Mina, juga Ketua Panitia Himas mendesak, pemerintah segera mengambil langkah cepat merespon situasi masyarakat adat di Indonesia.

”Kita mau merefleksikan apa saja yang telah dialami dan dijalani dalam 20 tahun proses perjuangan masyarakat adat, baik yang sudah berhasil maupun belum,” katanya.

Dia berharap, Jokowi hadir sebagai kontribusi dan perwakilan negara membuka acara ini. Ia juga wujud negara hadir memberikan pengakuan terhadap masyarakat adat.

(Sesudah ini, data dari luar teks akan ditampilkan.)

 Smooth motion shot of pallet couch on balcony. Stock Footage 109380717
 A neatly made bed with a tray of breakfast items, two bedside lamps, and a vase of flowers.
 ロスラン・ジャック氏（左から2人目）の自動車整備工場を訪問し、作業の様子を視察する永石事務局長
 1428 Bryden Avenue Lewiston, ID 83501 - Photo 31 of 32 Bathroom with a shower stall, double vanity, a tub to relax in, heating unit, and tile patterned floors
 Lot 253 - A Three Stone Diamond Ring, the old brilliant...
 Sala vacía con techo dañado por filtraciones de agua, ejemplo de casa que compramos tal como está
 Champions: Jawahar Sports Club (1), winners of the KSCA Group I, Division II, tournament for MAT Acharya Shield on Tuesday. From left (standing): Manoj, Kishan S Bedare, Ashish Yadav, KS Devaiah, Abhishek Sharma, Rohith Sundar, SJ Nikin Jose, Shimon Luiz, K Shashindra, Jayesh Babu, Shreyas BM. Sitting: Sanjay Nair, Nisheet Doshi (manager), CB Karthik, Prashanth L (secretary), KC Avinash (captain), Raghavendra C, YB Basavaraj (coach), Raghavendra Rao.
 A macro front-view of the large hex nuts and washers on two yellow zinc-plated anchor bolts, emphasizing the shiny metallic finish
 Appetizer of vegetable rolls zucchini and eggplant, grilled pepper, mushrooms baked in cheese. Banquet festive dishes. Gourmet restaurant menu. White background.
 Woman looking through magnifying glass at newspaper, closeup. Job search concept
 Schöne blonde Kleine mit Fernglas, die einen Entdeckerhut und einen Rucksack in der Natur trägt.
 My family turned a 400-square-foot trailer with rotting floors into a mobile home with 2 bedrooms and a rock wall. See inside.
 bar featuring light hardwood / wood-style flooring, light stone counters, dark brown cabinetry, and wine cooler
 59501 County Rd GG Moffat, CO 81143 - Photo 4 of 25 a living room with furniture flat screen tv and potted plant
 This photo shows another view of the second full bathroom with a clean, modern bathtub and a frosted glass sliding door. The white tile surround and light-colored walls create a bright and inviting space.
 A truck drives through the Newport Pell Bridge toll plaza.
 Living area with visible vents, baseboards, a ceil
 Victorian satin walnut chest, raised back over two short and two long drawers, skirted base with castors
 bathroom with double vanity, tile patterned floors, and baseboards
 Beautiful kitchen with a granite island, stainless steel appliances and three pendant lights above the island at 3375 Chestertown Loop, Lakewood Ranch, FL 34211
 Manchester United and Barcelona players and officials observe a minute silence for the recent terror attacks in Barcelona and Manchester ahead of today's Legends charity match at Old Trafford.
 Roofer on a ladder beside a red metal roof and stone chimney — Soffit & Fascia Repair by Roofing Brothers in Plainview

Perayaan Himas ini akan berlangsung di Taman Ismail Marzuki, 9-11 Agustus dengan tema ”Meneguhkan Tekat, Memperkuat Akar, Mengedepankan Solusi.”

Melalui kegiatan ini, AMAN akan mempromosikan keragaman dan kekayaan budaya masyarakat adat, seperti keberagaman seni, melalui menenun, bengkel seni, memahat, dan aktivitas tato. Juga, keberagaman pangan melalui festival kuliner dengan bumbu-bumbu nusantara, dari berbagai daerah.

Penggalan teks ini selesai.